EXERCISE INSTRUCTIONS :: Leave the images aside and copy out the whole listing, exact to the word.
--- DATA PROVIDED Enclosed Below ---
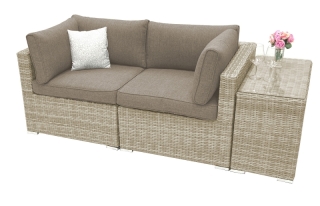 DEOKORK Ratanová variabilná zostava SEVILLA pre 2 osoby (béžová) obr-1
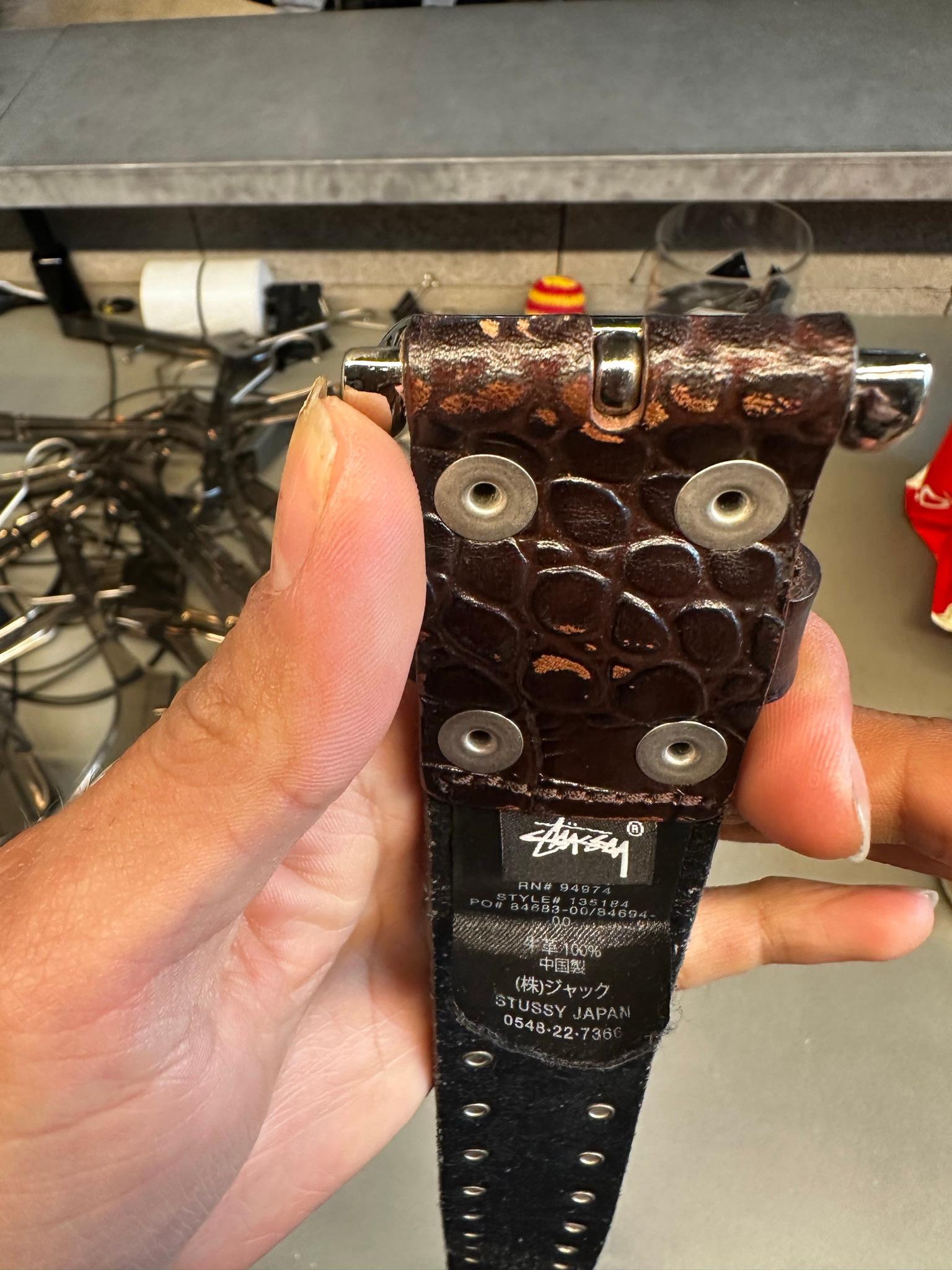 Stussy Studded Crocodile Leather Belt Brown thumbnail 2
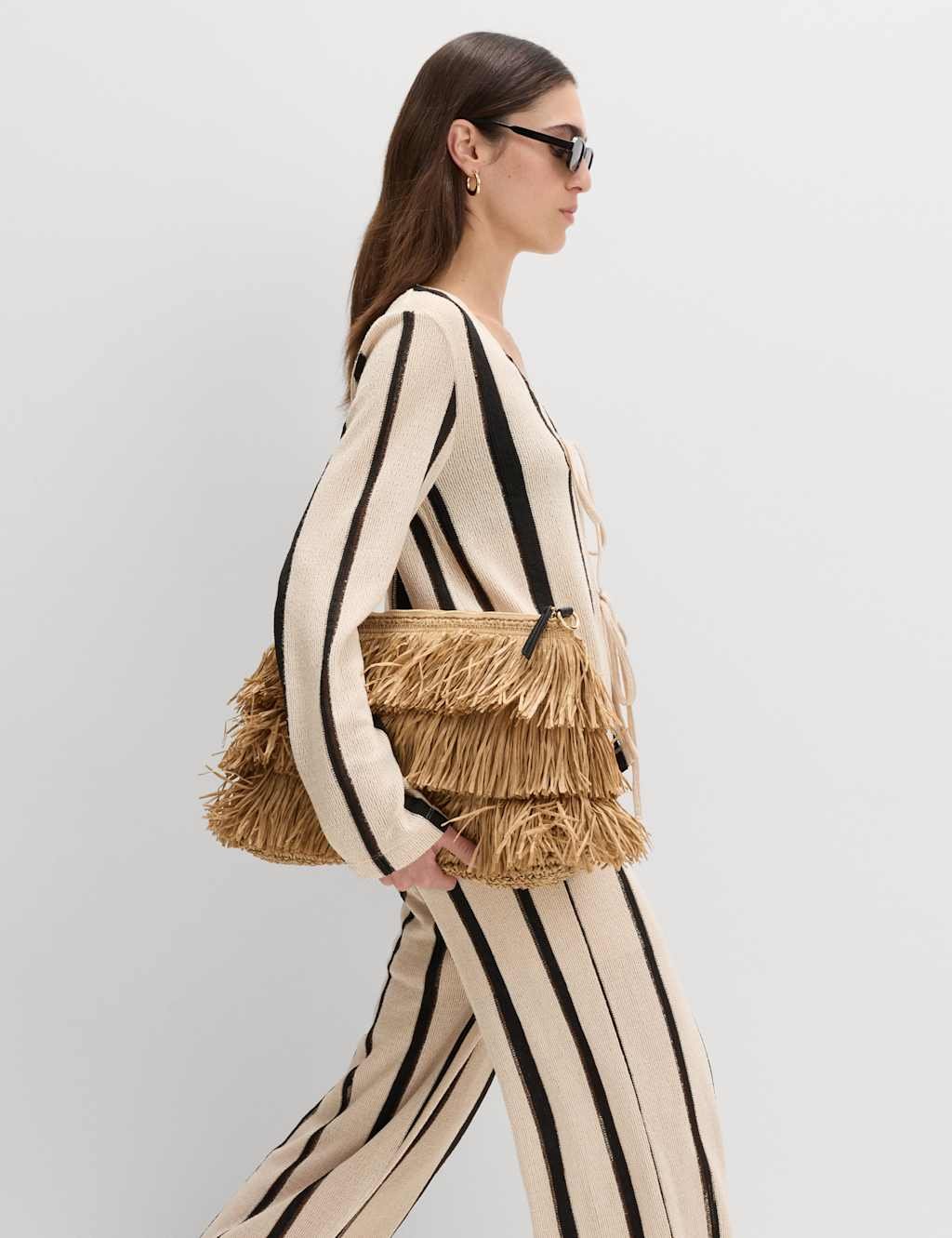 Marks & Spencer M&S Striped Tie Front Top Natural Mix - 2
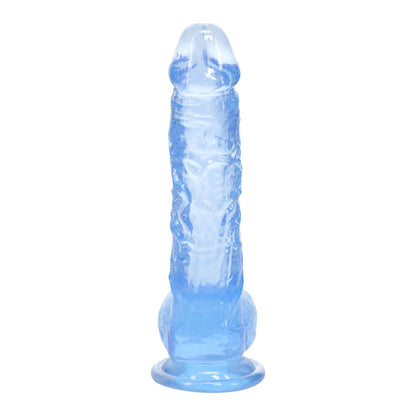 REALROCK 5 Crystal Clear Dildo with Balls - Blue - Clear Blue 14.7 cm Dong - REA208BLU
--- End of Enclosed DATA PROVIDED ---
COMPLETED EXERCISE ::
 DEOKORK Ratanová variabilná zostava SEVILLA pre 2 osoby (béžová) obr-1
 Stussy Studded Crocodile Leather Belt Brown thumbnail 2
 Marks & Spencer M&S Striped Tie Front Top Natural Mix - 2
 REALROCK 5 Crystal Clear Dildo with Balls - Blue - Clear Blue 14.7 cm Dong - REA208BLU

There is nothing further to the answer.